---- Material provided

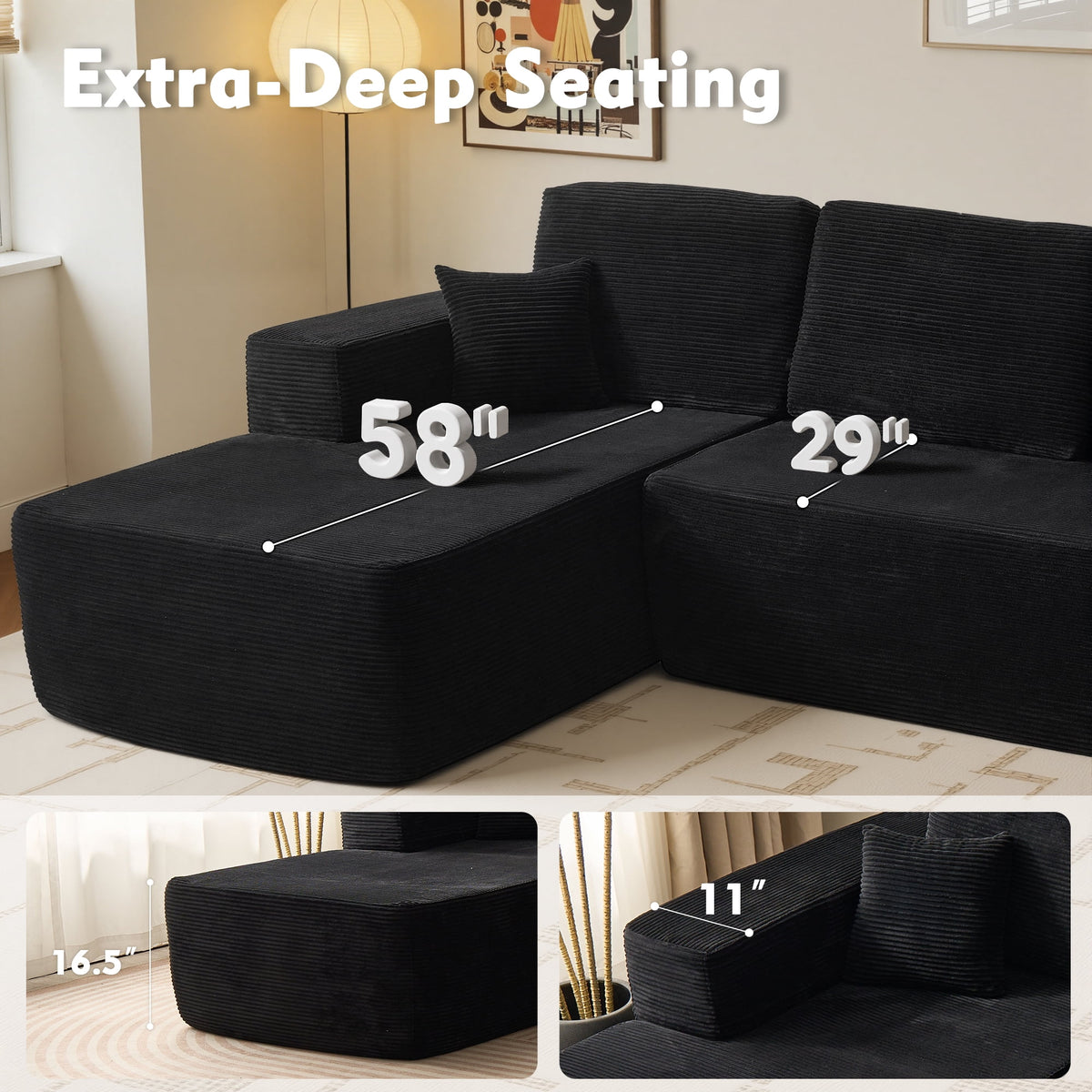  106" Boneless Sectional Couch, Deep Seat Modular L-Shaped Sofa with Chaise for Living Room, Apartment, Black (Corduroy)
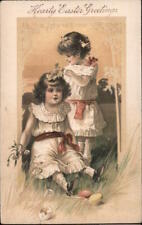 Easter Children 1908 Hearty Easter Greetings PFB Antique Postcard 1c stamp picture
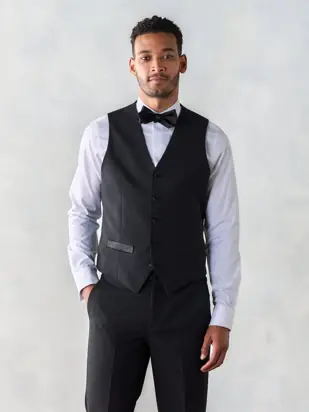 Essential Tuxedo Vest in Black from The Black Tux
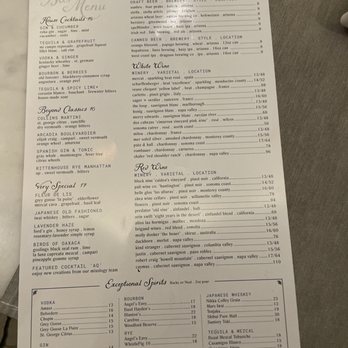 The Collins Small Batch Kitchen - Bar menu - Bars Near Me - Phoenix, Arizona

--------
---- Material provided

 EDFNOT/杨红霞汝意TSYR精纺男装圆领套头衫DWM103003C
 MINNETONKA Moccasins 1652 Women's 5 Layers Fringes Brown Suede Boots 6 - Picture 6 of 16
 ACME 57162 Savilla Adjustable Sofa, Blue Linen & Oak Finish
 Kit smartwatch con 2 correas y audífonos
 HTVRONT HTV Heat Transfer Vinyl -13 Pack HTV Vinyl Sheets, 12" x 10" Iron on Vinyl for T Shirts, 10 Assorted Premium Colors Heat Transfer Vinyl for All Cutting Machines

--------

• [Task item]
In the material above, which lines fall between the one holding "Apartment, Black (Corduroy)" and the one holding "Essential Tuxedo Vest", inclusive? Print exactly those, with the pictures left out.

• [Task result]
  106" Boneless Sectional Couch, Deep Seat Modular L-Shaped Sofa with Chaise for Living Room, Apartment, Black (Corduroy)
 Easter Children 1908 Hearty Easter Greetings PFB Antique Postcard 1c stamp picture
 Essential Tuxedo Vest in Black from The Black Tux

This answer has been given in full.